Wrath: Impatience with the audience
If you are a performing storyteller, you should be able to handle your audience. Of course it is partly up to the organizers to make sure the setting is quiet and organized - and even to gently remind parents of screaming toddles in an adult performance to please take them outside - but the storyteller can't push all responsibility on them. Being impatient with the audience if they are not engaged with the story only makes a situation worse. No one likes to be yelled or glared at from the stage.

Envy: Copying other storytellers
If this list was in order of seriousness, this would definitely be on top. Not respecting other storytellers' work shows a lack of respect for the profession of storytelling in general ("it's okay to steal it, they didn't work that hard on it anyway"). Even folktales can be a storyteller's own if they have developed their own signature telling and version. Taking anything - signature stories, original tales, workshop materials, etc. - without asking permission is rude, to say the least.

Gluttony: Taking stories that don't belong to you
Some stories, for various reasons, can be off limits. Maybe they are under copyright law, or maybe they belong to a sacred tradition that doesn't want them told out of context.

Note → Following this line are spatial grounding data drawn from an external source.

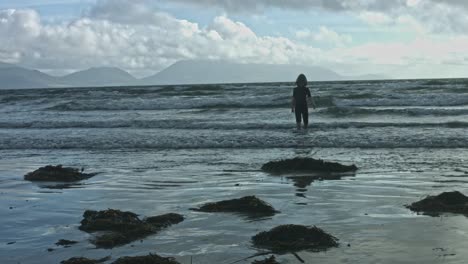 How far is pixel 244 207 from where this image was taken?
6.59m

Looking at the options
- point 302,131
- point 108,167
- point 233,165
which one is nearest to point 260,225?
point 233,165

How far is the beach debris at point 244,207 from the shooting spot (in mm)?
6473

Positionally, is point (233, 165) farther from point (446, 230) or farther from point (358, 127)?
point (358, 127)

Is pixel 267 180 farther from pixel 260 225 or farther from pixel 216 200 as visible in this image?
pixel 260 225

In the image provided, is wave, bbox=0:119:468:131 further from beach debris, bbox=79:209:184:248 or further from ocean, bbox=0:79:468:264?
beach debris, bbox=79:209:184:248

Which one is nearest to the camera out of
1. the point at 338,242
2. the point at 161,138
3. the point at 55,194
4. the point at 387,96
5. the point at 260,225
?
the point at 338,242

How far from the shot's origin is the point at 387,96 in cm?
3375

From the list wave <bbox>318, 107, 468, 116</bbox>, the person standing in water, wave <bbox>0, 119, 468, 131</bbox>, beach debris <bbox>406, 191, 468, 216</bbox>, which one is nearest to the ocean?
wave <bbox>0, 119, 468, 131</bbox>

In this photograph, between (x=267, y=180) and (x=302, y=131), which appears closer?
(x=267, y=180)

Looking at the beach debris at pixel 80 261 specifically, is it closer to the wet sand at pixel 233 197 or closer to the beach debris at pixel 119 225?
the wet sand at pixel 233 197

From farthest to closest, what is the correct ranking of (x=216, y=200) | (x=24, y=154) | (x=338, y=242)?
(x=24, y=154) → (x=216, y=200) → (x=338, y=242)

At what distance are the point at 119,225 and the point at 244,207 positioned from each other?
155cm

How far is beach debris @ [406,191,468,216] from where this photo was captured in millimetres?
6266

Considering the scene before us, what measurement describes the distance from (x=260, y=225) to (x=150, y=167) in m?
5.44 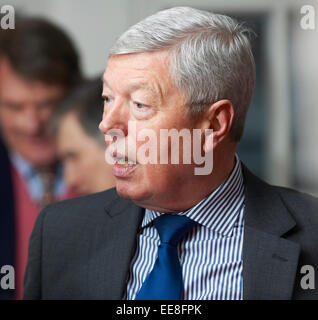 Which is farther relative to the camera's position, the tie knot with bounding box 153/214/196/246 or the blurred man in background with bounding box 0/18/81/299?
the blurred man in background with bounding box 0/18/81/299

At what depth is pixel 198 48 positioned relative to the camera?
2.99 ft

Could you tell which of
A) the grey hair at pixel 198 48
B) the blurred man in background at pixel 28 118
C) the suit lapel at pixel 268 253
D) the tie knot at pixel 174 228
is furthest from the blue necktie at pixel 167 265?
the blurred man in background at pixel 28 118

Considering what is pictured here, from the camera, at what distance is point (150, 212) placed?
1.03m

Whatever the case, telling stories just because there is no "storytelling police" to stop you is not very ethical.

Lust: ?
Honestly I couldn't come up with a lust-related sin (other than "don't make kids at storytelling competitions tell bawdy stories" - I have seen that happen), so I am going to put one here that is important: Not telling well. All the passion and integrity in the world will not help you if you don't speak loud enough. It is definitely one of the deadly sins if the storyteller fails to perform as well as the stories require; if she/he mutters, stutters, drawls on forever, looses track of the plot, "umm's" and "err's", or, like, uses words that don't go with the story's mood, dude.

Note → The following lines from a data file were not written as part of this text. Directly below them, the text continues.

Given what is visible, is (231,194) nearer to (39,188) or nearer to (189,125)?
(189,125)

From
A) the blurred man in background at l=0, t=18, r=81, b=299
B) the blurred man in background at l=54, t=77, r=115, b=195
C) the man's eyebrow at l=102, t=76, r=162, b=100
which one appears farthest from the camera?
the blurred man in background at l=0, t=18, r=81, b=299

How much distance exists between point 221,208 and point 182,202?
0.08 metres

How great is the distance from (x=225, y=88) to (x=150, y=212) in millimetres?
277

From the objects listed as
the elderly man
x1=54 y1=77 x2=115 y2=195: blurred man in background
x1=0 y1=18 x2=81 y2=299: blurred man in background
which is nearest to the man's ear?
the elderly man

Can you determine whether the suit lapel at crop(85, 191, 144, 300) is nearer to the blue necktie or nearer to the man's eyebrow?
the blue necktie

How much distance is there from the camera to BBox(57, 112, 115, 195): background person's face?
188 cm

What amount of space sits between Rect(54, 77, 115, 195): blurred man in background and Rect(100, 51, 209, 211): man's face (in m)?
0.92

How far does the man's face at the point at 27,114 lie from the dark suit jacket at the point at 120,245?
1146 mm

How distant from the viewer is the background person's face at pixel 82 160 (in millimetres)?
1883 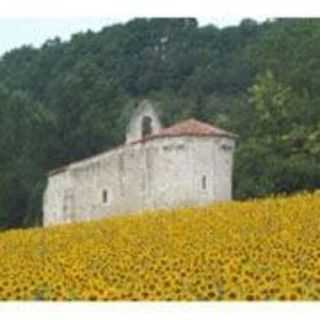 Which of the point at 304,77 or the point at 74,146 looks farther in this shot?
the point at 304,77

What other storytelling sins or mistakes do you think are important to mention?


  1. Great list. I think a lot of this could translate over to fiction writing and copycat tactics.

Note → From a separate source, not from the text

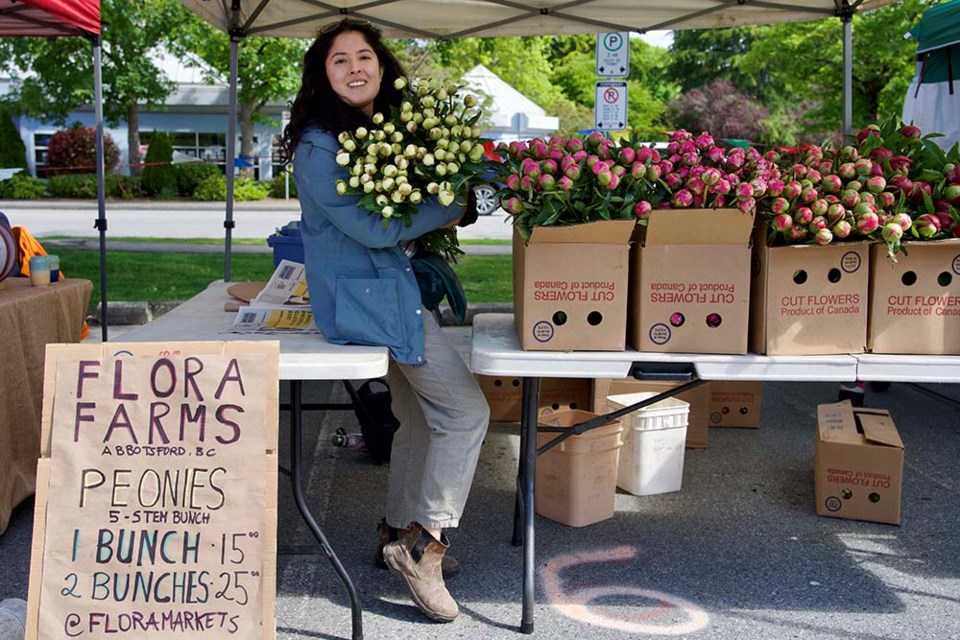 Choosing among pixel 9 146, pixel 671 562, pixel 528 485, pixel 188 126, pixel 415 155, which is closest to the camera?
pixel 415 155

  2. Great post as usual Csenge. Your thoughts are always so cogent and spot on. As you said in the post, you were a bit "lost on lust" thought I have about a form of storyteller lust is this: the tendency to lust after other storytellers whose styles are intriguing and/or who are more well known.....and then to sacrifice ones own personal style and interest to do, stylisitcally, what others do instead of what you do. Kind of like the teen who lusts after inclusion in the popular sports clique when they are not sports oriented. I know you mentioned mimicry earlier and this is part of that I think...but I suspect the underlying rationale is different. Learning from others and their styles is one thing, one very important thing....and artistically sound when you apply new ideas it to your style and spin on the world. My concern is when one sacrifices his/her artistic self to lust after inclusion in a perceived in-crowd of storytelling. Because as you so wisely said, it is really not about us. 😊

    1. A very good point! Copying another teller's complete style is quite as bad as copying their repertoire :P

  3. Nicely done, Csenge! Could I offer for "lust" that desire, that craving, to "make it" without doing the work? Sure, there are those gigs and experiences that flirt with your ego and make you feel like you can take on the world! But for a longer-term, deeper relationship with stories and the storytelling world, you need to earn your chops. Thanks for your post! -- Ingrid

    1. Exactly :) No one gets into storytelling for riches and fame, but some people still act like it... :D

    2. Ingrid I think our two comments are sister-like :)

  4. Many of the points you said apply to writers too... if adapted to our medium.
    And I agree with you girls: lusting after someone else's style or themes or success it's bad for anyone and hurts us more then anyone else.

  5. Many of the points you said apply to writers too... if adapted to our medium.
    And I agree with you girls: lusting after someone else's style or themes or success it's bad for anyone and hurts us more then anyone else.